# Will very high speaker resistance ruin my amp?



## Dvic (Apr 17, 2013)

I am working on a project where 60 small 8 Ohm 0.1W speakers will be playing music from a live DJ. The majority of the sound will come from the pair of JBL 15" loudspeakers but i would like some of the sound to come through the small speakers. My concern is that if i run the amp with only a small group of speakers run in series the wattage from the amp will fry the speakers, and if i run the amp with too much resistance it will fry the amp. To achieve the 0.1 Watt amp output i would need 4000 Ohms of resistance on one channel. What to do? I have a 4 channel amp that puts out 50W at 8 Ohms per channel. Thanks for any comments/advice!


----------



## hjones4841 (Jan 21, 2009)

A series-parallel combination of the small speakers is your best bet. Not sure if you can wire it that way, tho.
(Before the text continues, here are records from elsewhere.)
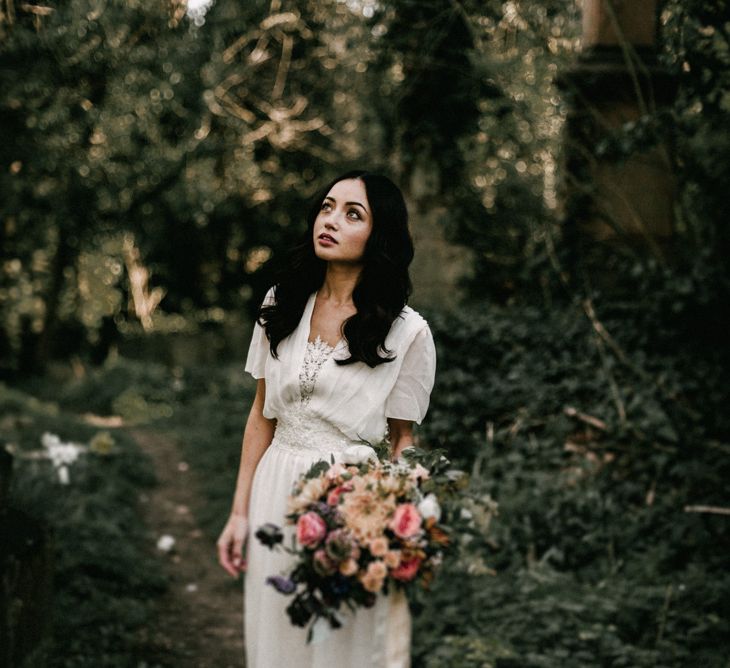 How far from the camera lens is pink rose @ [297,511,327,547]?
1.99 metres

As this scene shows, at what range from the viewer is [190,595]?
18.1 ft

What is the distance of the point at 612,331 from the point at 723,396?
3.46 ft

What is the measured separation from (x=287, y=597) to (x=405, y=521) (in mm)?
703

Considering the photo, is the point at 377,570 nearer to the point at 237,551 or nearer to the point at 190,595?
the point at 237,551

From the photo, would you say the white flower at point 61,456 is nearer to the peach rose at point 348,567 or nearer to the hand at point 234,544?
the hand at point 234,544

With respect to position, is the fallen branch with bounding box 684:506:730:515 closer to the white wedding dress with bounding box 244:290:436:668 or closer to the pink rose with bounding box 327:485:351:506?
the white wedding dress with bounding box 244:290:436:668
You can find formulas for series and parallel connections on the web, but here is how it works:

Put two 8 ohm speakers in series = 16 ohms. Then put another pair in parallel with the first pair, and you are back at 8 ohms. Keep doing this series-parallel combo until all are wired that way.

BTW, the amp won't be "fried" with all in series, nor will the speakers be damaged. The problem is that your amp won't put out much power with that high of a load connected. It could be enough to drive the speakers, however, since you are not looking for much power to each anyway with their 0.1 watt rating.
But, don't put all in parallel since that would result in a very low combined impedance that your amp will have trouble driving - it could shutdown from overheating.


----------



## RBTO (Jan 27, 2010)

Is that 60 speakers per channel (left and right)?
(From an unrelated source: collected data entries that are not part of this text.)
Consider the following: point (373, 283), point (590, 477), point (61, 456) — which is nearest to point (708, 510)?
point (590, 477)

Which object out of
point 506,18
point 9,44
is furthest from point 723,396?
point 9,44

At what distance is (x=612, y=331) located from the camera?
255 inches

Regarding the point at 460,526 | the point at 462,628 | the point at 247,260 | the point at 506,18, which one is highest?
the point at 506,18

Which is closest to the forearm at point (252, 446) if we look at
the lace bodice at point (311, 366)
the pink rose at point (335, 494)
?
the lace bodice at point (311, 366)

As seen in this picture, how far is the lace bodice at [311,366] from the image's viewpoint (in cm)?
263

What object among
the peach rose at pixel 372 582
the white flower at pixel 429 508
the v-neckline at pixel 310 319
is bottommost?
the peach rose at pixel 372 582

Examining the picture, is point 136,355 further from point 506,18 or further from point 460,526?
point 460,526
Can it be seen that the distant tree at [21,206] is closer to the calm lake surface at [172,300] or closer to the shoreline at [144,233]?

You didn't mention how the 15 inch speakers would be wired. Assuming they are separate from the 60 small speakers, will they be fed from a separate output on the amp? If you plan on connecting them in parallel with the 60 speaker string on a single output, that also would bring your net amp load down below 8 Ohms which could be an issue for your amp.

The actual wattage to each of your small speakers depends on the volume adjustment of your music and the voltage at the amp output (assuming they are series-parallel connected as described previously). If you feed the entire string of 60 speakers let's say, 1 Watt, that will be evenly divided between the speakers so each will receive 1/60th of a watt. Your volume adjustment to the amp just needs to be set so the 0.1 Watt rating isn't exceeded by the loudest music and you're ok, but that means _all_ the small speakers will be contributing 6 Watts of sound (on peaks).


----------